Tuesday, September 28, 2010

Amazon.com's bookstore of the future: pay to preview content?
Techflash

What will Amazon.com's bookstore of the future look like?
A newly granted Amazon patent hints that people may have to pay if they want to preview excerpts of a book before deciding whether to buy it. The patent, which lists Amazon CEO Jeff Bezos among its inventors, envisions a system in which consumers "pay different amounts to view portions of content from the electronic form of a work," including individual chapters, pages, even words.


The patent, titled "Method and apparatus to facilitate online purchase of works using paid electronic preview" was granted Sept. 21. The original application dates back to July 2004. Along with Jeff Bezos, the other inventors are Udi Manber, the former head of Amazon's search unit A9 (now at Google), and Colin Bryar.

According to the patent, people are often unwilling to buy a book online that they can't see first, and internet retailers have been able to address that problem by letting consumers preview excerpts, "essentially the electronic equivalent of browsing through the pages of a book or other published work in traditional brick-and-mortar stores." But, the patent adds, some people "are loath to pay for a work when they can view the work for free," and notes such a preview system costs money.
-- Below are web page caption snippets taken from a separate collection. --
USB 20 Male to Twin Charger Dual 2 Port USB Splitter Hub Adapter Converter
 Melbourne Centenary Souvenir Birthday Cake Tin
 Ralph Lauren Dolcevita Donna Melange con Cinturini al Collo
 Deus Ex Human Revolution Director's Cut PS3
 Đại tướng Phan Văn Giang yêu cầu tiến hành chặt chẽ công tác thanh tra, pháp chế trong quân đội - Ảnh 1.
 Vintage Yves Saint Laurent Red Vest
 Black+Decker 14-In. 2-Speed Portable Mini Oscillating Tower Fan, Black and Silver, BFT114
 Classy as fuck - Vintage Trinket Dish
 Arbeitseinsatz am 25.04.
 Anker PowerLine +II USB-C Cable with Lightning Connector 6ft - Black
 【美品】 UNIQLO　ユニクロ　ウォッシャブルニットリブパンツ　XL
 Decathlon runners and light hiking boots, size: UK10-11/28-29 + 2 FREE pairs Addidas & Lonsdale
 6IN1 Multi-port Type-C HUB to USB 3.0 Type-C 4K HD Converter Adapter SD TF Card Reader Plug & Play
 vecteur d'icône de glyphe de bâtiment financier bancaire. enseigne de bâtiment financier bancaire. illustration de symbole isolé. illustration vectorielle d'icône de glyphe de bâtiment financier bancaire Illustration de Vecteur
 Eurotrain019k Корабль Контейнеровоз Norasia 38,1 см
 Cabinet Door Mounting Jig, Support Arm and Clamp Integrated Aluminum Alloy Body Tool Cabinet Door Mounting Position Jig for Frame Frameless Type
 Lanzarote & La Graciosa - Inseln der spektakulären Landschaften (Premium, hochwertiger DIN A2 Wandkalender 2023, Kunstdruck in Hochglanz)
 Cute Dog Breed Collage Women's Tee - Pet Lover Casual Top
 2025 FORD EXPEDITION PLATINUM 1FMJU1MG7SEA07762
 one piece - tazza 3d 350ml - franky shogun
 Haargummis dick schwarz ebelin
The solution? Pay-to-preview. The Amazon patent describes a system of paying to electronically preview "one or more chapters, sections, pages, paragraphs, or sentences from a work" with variable fees based on the genre or publisher, or "consumers' past viewing behavior or purchases." The patent also suggests incentives such as credits or discounts for people to view content online, and describes a "personal viewer account" to track balances.